Looking for a more meaty read than the usual? Try Anthem. This novel lays the groundwork for her better-known works and presents a powerful story, likable hero, and ultimately triumphant message in a compact 85 pages.

P.S. As I am sure all of you know, Thanksgiving is tomorrow. For starters, that means that I am posting this from the comfort of home on my own dainty little laptop and not fighting my savage classmates for a computer (I swear, our school library is like a scene from Lord of the Flies, just without the cool face paint.) *cough* Anyway, I would like to wish all of you a Happy Thanksgiving. I want all of you to eat until you EXPLODE! Wait! If you do that, you can't come back next week to talk about books with me. I don't want all of my readers to kill themselves with gluttony. So maybe just eat all you can hold. And pass me a piece of pumpkin pie while you're at it. Well, I was hoping for a bigger piece, but thank you. *sprints away with an abundance of pie*


Next Week: I should wrap up my Zella Kate Presents: The Medieval/Renaissance series with *drum roll* Hamlet! I am a huge Shakespeare fan, and Hamlet is probably my favorite Shakespearean play. I cannot wait to review it! Don't fear, if you're not fan of Billy, I will offer some tips that, even if they don't help you love Shakespeare, will help you understand and appreciate his work.


  1. This is so weird. I always say to myself, "Hmmm. I havn't checked on Zella's blog lately. I hope she has a new post up!" and then come here to find you posted only an hour ago!

    Anyhoo... I've read Anthem. I thought it was really interesting! The ending was bizarre.

    I love pie too! Pumpkin is fine, but I like apple better. And peach! Yay for Thanksgiving!

    Nice blog!

  2. Here's your pie.
    I have a friend who's crazy about Ayn Rand. I'll have to ask her about this. :D Thanks!
    Can't wait for Hamlet! I love it. :D

  3. Laura, Thanks! Yes, I thought Anthem was quite interesting - I've ever read anything quite like it.
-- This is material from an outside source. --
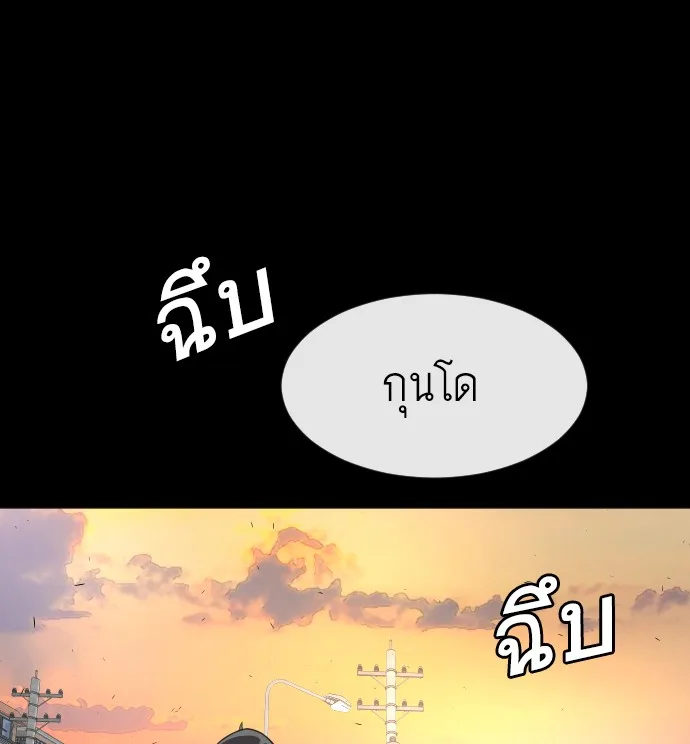 Superhuman Era ยุคแห่งยอดมนุษย์ ตอนที่ 64 หน้า 73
    I love peach and apple pie too. Pecan pie is excellent too. Now I have made myself hungry. ^^

    Scott, Thanks for the pie. :D My cousin is a huge Ayn Rand fan too. This will probably be our topic of discussion tomorrow.

  4. "And pass me a piece of pumpkin pie while you're at it. Well, I was hoping for a bigger piece, but thank you. *sprints away with an abundance of pie*" LOL oh my word, I can see it! Trench coat, hat pulled low, pie tucked tightly against you as you scurry away into the night to eat pie. : D This book is now in my library waiting list...which is growing longer to my amusement. Btw, pumpkin pie is amazing, as is apple but still. Thanks for the review!

  5. Rebecca, your image of me in the trench coat made me LOL! I am still giggling as I type. :D

    You're welcome! I hope you enjoy it! Let me know what you think of Anthem. :)

  6. OMGGGG....

    I am late but this was a great post!!! I thank you profusely for the nice mention.
    And I am glad to help you anytime in your literary pursuits. :)

    Yes, the last chapter is perhaps the greatest deviation (and the one I least liked), and I also don't necessarily agree with all of Rand's ideologies, but the audacity of her writing talent simply cannot be denied.
    The book just caught me at the first sentence, "It is a sin to write this," and I have been hooked ever since.

  7. Math is a Plentiful Harvest, you're welcome! Thanks for recommending it. I loved it! (Although I agree the final chapter was probably my least-favorite part. It was very interesting though.)

    That first line is what hooked me too! The plural "we" was a narration technique that I really enjoyed as well.